In other words, when 18 wavelength points on the spectrum are specified using DFT, the amount of calculation becomes approximately equal to that of FFT. If the number of specified wavelengths increases further, FFT will be more advantageous, but when monitoring the increase or decrease of a substance using absorption analysis, the number of wavelength points of interest is one to several, so DFT requires less calculation. , and the time required for calculation is shortened. Therefore, it is possible to record temporal changes in absorbance at a specified wavelength in virtually real time without using a particularly high-speed calculator.

Embodiment The figure shows an embodiment of the present invention. In Fig. 1, 1 is a light source, 2 is a collimator mirror, 3 is a beam splitter, and 14 is a fixed mirror.
5 is a movable mirror, and 6 is a condensing mirror, which constitute a Michelson type interferometer, and a photodetector 7 is arranged at the condensing point of the condensing mirror 6. An interferogram is a record of the output of the photodetector 7 when the movable mirror 5 is moved, with the amount of movement of the movable mirror being the horizontal axis.Actually, in order to increase the BIN ratio, the interferogram is recorded during several reciprocations of the movable mirror. The sum of crumbs is used as an interferogram in one measurement. The output of the photodetector 7 is taken into a data processing device 9 through a sampling circuit 8 that performs a sampling operation in conjunction with the movement of the movable mirror. As described above, the data processing device 9 integrates the outputs of the photodetector 7 during several reciprocations of the movable mirror 5 to obtain interferogram data for one measurement, performs DFT calculation processing, and displays the results on the display device 10. The operation of outputting and displaying or recording is called a -cycle, and this is repeated.

FIG. 2 is a flowchart of the DFT execution operation in the data processing device 9, in which a table of sin and cos for the DF'T calculation for a pre-specified wave number (wavelength) is created (a), and then the above-mentioned interferometry is performed. gram measurement (b), perform DFT calculations using the collected data (c), calculate the transmittance or absorbance of the sample at the specified wave number (d), and display the results on a CRT. is output to the recorder and recorded and displayed (I) This completes the - cycle operation and the operation returns to (B).

Figure 3 shows an example of recording absorbance changes at wave numbers of 6°O and 80°.
By specifying the five points 0, 1000, 2000, and 3000, the operation cycle described above is 4 seconds.
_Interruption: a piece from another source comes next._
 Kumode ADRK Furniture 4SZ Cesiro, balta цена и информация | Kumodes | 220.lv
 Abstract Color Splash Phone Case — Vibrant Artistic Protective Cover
Because it is possible to determine the absorbance or transmittance of a sample at a target wavelength in real time without using a computer, it is possible to track temporal changes in a sample with multiple wavelength components in real time with an inexpensive configuration. A convertible spectrophotometer is obtained. In addition, in the FFT mentioned above, the data sampling interval of the interferogram is set to Δ
If the number of L, FFT data points is N, the wave number interval of the recovered spectrum is 2ΔL/N. Although it is not always possible to obtain spectrum data at the specified wave number,
Since the present invention uses DFT, there is an advantage that spectral data for a specified wave number can be directly obtained.
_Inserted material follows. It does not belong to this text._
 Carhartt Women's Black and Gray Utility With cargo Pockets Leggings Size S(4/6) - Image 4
[Brief explanation of the drawing]

FIG. 1 is a plan view of an apparatus according to an embodiment of the present invention, FIG. 2 is a flowchart of the operation of a data processing device in the same apparatus, and FIG. 3 is a recording example of measurement results. Agent Hiroshi Patent Attorney Section Figure 1 Jijitsui 1 Figure 3 Example of interpretation

Claims (1)

[Claims] The data processing device includes a data processing device that executes a Fourier transform algorithm DFT, and a means for displaying the data processing result by the DFT, and the data processing device collects interferogram data, executes the DFT, and displays the result. A Fourier transform spectrophotometer characterized by repeating the operation of outputting data as one cycle.